When the brightest stars in the pop firmament – Taylor, Adele, Beyonce – release new albums, the announcement alone often ensures hysteria and hyperbole, expensive videos and soul-baring interviews.

And so we come to Jennifer Lopez's new album This is Me . . . Now, its title updating her 2002 album This Is Me . . . Then.

J-Lo – we'll default to the shorthand – is (back) in love with actor/director and writer Ben Affleck, that famous Bennifer coupling which fell apart almost two decades ago.

The album and this information arrive as a triple salvo of breathtaking solipsism.

She announces their reunion with not just a 44 minute album (53 minutes in the Deluxe edition) but also a 65 minute film This Is Me . . . Now: A Love Story, described as “a narrative-driven cinematic odyssey, steeped in mythological storytelling and personal healing”.

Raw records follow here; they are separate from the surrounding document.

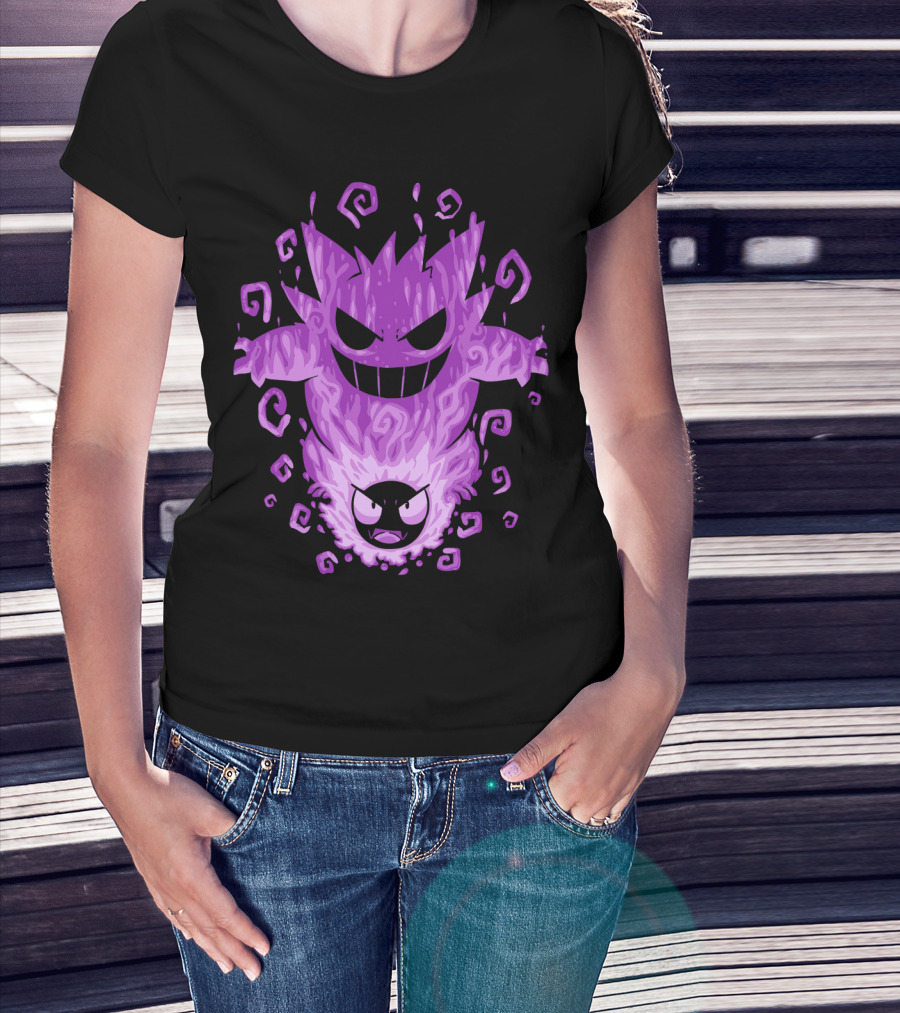 Evolution Pokemon Gengar Gastly T-Shirt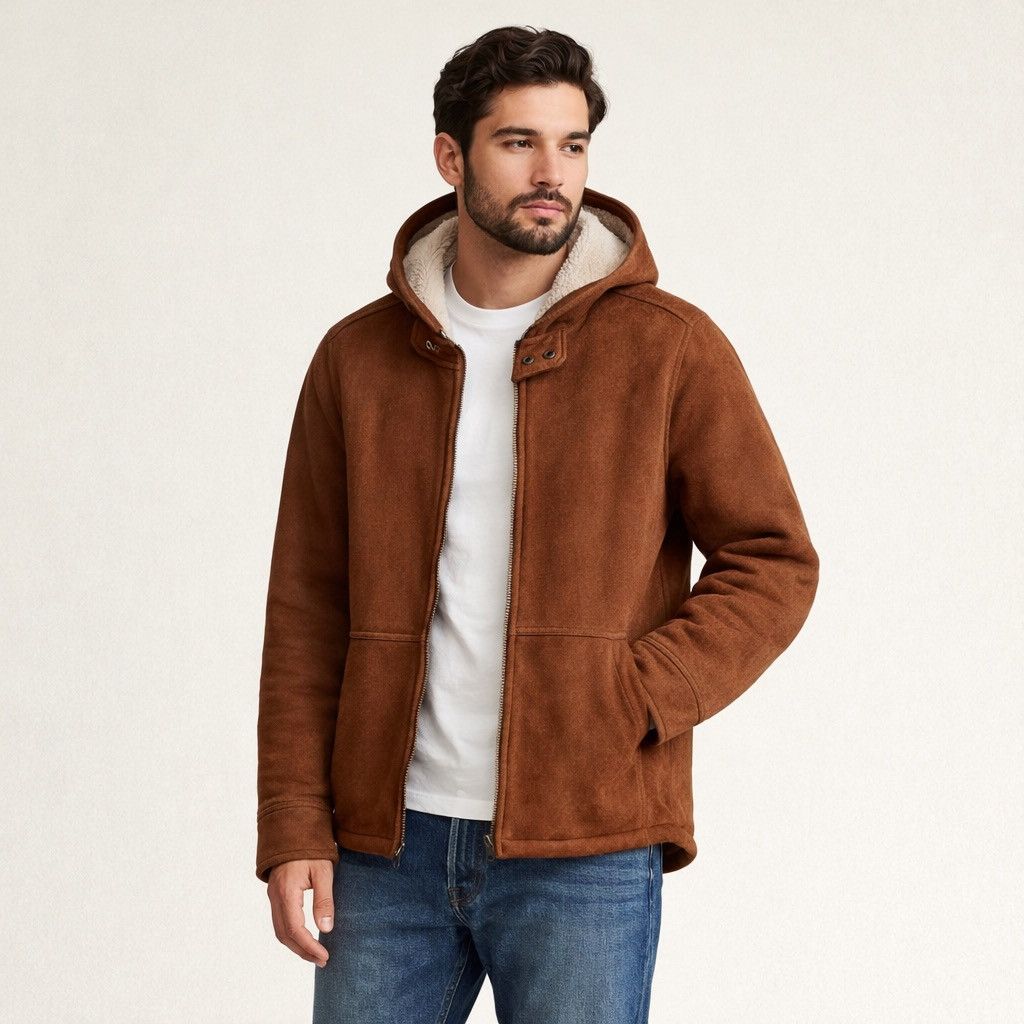 Polo Ralph Lauren Lauren Ralph Lauren brown faux suede sherpa-lined hooded Size US S / EU 44-46 / 1 - 1 Thumbnail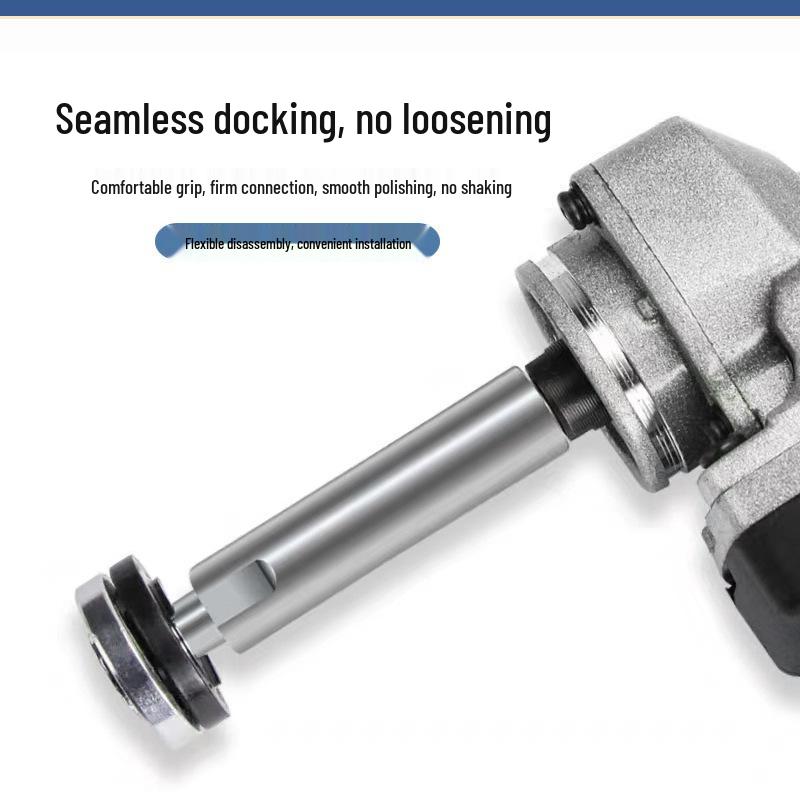 Universal Angle Grinder Polisher Rod with Hex Four-Hole Pressure Plates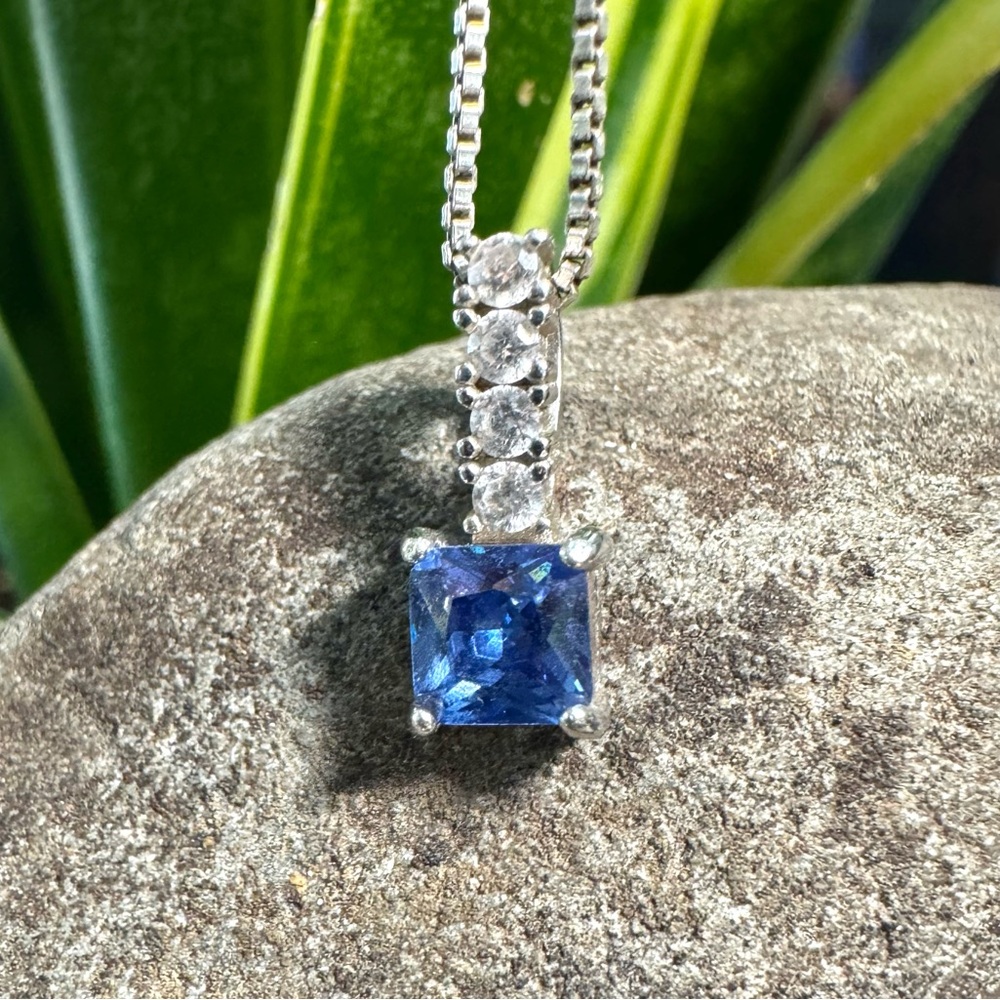 Sterling CZ Necklace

jennifer_lopez_5_112723_47a67ca2987f49d8b9a575fbffab65a1In other words, a CGI-enhanced autobiographical-cum-fictional blockbuster about star-crossed lovers from what the publicity calls her heart, her soul and here dreams.

It's a patchwork of steampunk, dance sequences (a nod to Fritz Lang's Metropolis choreographed by award-winning expat Aucklander Parris Goebel), melodrama, myth, references to the films Singing in the Rain and The Way We Were, self-aware humour and shameless self-indulgence.

It features – as astrological gods or something – talk show host Trevor Noah, astrophysicist Neil deGrasse Tyson (enjoying the irony), Broadway star Jenifer Lewis, spiritual advisor and yoga teacher Sadhguru, actress Sofia Vergara and others.

Jane Fonda gets the best lines, among them, “I don't get it”.

It's hard hold onto anything in this totally bonkers but sometimes funny mishmash where J-Lo – whose acting lurches between misty-eyed rom-com and The Bachelor – is variously seen as victim, revolutionary, vulnerable, heroine, misunderstood, lover, cougar, wounded, bride, clothes horse . . .

It's a lot of costume changes, hammy emoting, baroque sets, laughter, tears and truths shared. She believes no one really gets her: “I don't even get me”.

beniferBack to you, Jane?

But there's more from, and about, J-Lo: a 90 minute doco about “facing the truth of who you really are” but more specifically the making of the A Love Story film-cum-video and private letters between Affleck and Lopez. It is The Greatest Love Story Never Told.

Now being told.

And in graphically intimate physiological detail in the song of that name.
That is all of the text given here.